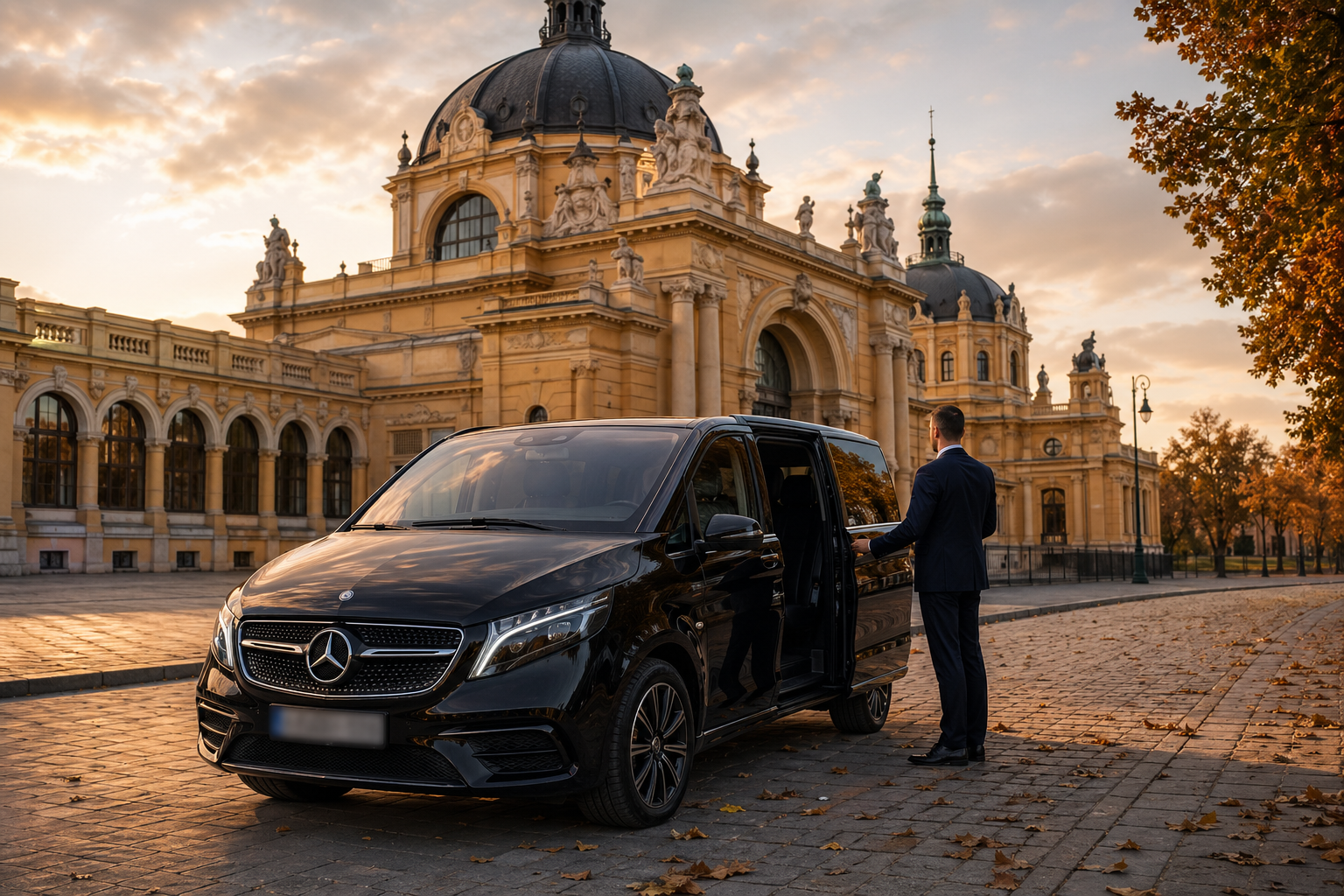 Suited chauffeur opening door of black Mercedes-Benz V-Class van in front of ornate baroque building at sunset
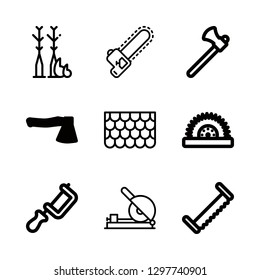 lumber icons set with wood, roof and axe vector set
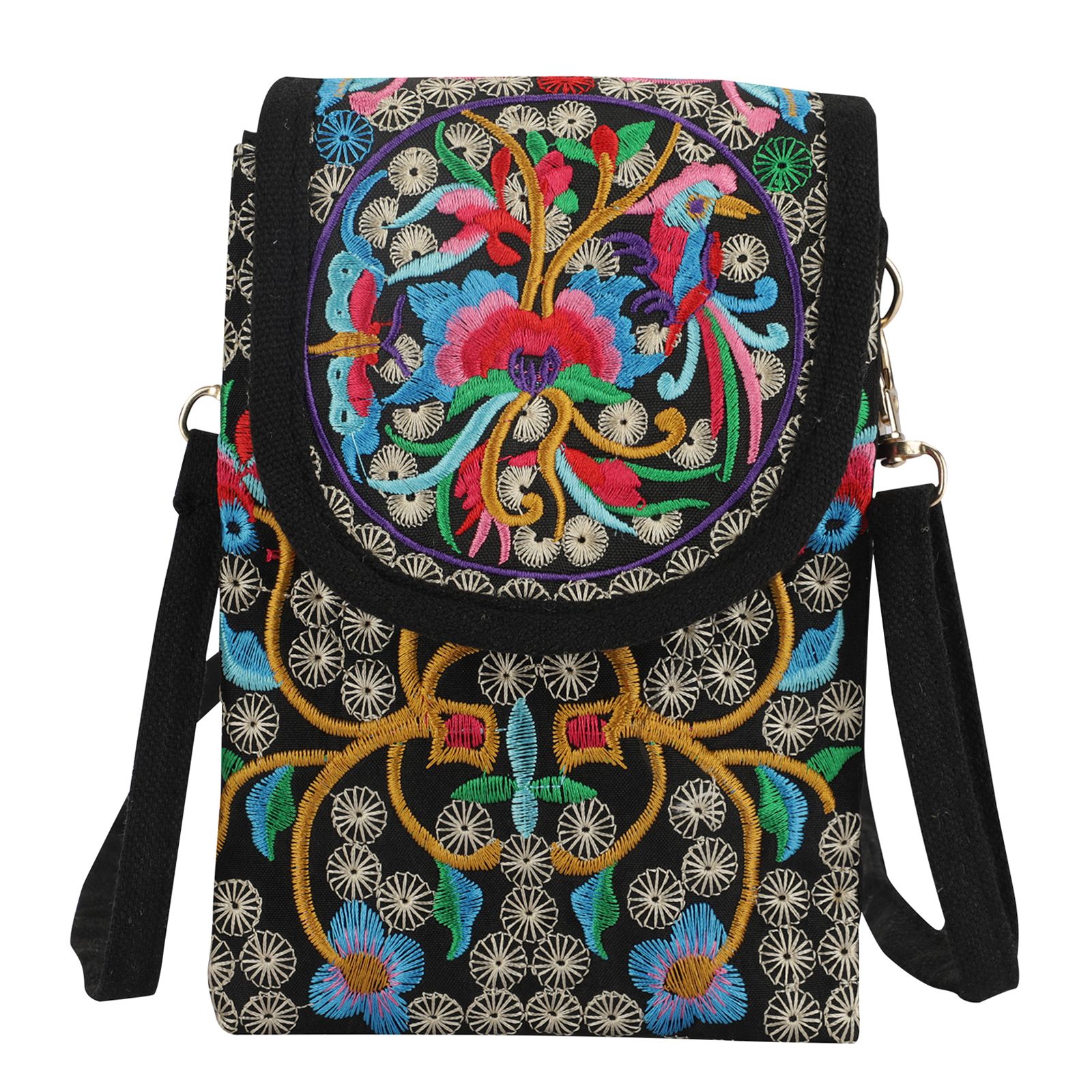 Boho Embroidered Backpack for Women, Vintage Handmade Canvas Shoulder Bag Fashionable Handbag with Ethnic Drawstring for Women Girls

==

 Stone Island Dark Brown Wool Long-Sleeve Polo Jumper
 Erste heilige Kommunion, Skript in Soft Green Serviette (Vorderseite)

--

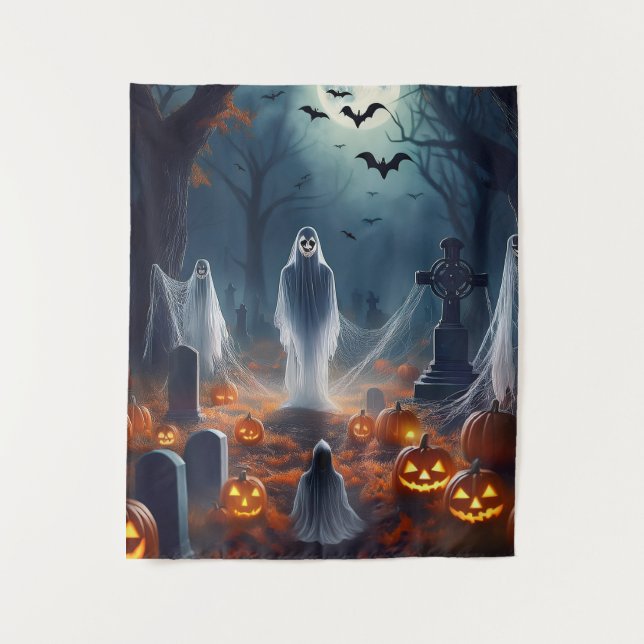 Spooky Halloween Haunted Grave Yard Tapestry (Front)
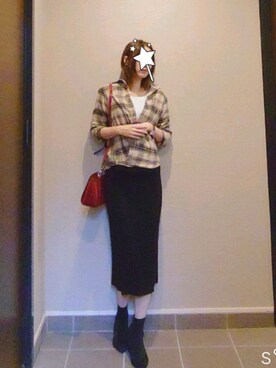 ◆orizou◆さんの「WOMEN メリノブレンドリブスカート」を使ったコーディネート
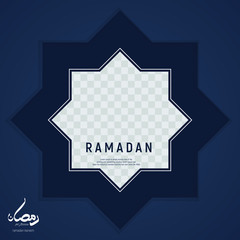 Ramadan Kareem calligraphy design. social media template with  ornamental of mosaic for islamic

PROBLEM TO WORK ON ->
From the data above, return only the lines starting at the line that holds "lumber icons set" and ending at the line that holds "Boho Embroidered Backpack", word for word and without pictures.

RESPONSE TO THE TASK ->
 lumber icons set with wood, roof and axe vector set
 Boho Embroidered Backpack for Women, Vintage Handmade Canvas Shoulder Bag Fashionable Handbag with Ethnic Drawstring for Women Girls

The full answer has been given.